Tree species around the world are in trouble. This past week United Kingdom-based Botanic Gardens Conservation International published a State of the World’s Trees report, which was the culmination of five years of research with a bunch of field and academic partners to identify major gaps in tree conservation efforts. Global Tree Assessment examined the world’s 60,000 species of trees and found that 17,500 (or 30-percent) are at risk of extinction. And that’s twice the number of threatened mammals, birds, amphibians, and reptiles combined, the BGCI report says.
Over 440 of the species are on the brink of extinction, which means they have fewer than 50 tree specimens left in the wild. Among the most vulnerable tree species are magnolias and dipterocarps, with oaks, maple, and ebonies also at risk. Dangers that threaten tree life include being taken down so that the land can be used for agriculture (such as for palm oil plantations), legal and illegal logging (such as the decimation of Madagascar ebony and rosewood and Caribbean and Brazilian mahogany trees), and livestock farming. Urbanization or clearing of trees for residential and commercial buildings, affects 13 percent of the tree species, and fires affect the same percentage. The BGCI report shows that 1 in 5 tree species are directly used by humans, for food, fuel, timber, medicines, horticulture, and more.

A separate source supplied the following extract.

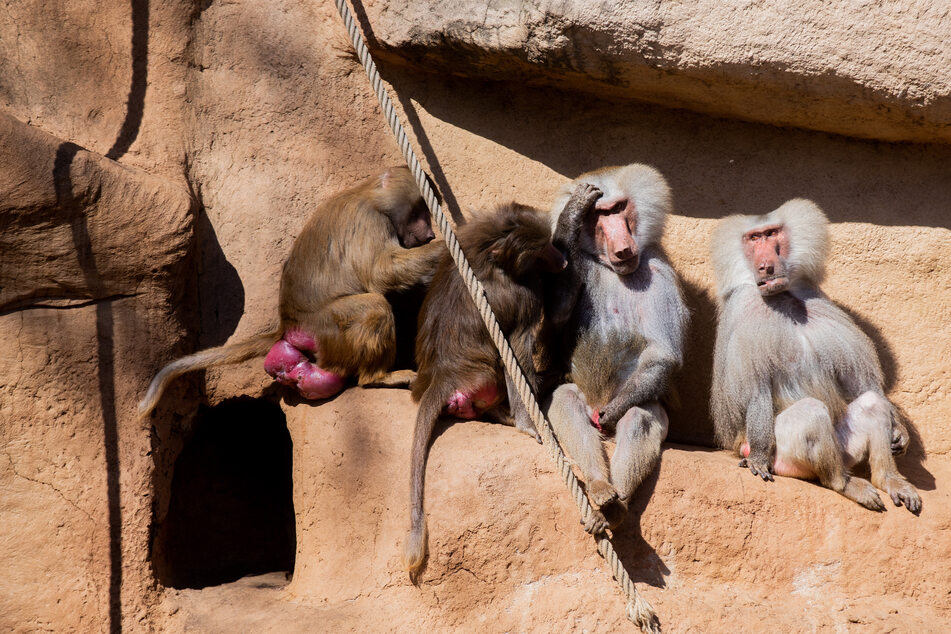 Paviane sonnen sich auf einem Felsen in ihrem Gehege im menschenleeren Zoo. Die wegen der Corona-Krise geschlossenen Zoos schlagen Alarm: Ihnen fehlen die Einnahmen.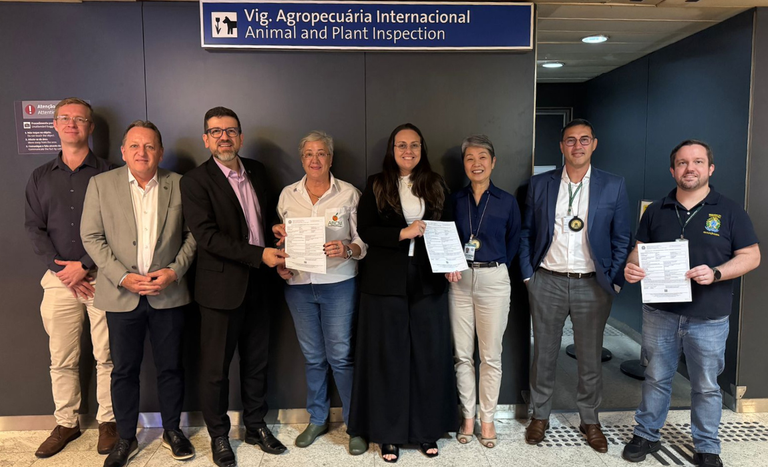 Pela primeira vez, Mapa emite certificado atestando qualidade de citros para mercado europeu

Climate change—including rising temperatures and weather changes—is also threatening the trees as many species are losing areas of suitable habitat. Sea levels rising is affecting magnolias in the Caribbean as well as other places, and the increased occurrence of fires in Madagascar, Australia, the U.S., and in South America also threatens species of trees, including oak trees.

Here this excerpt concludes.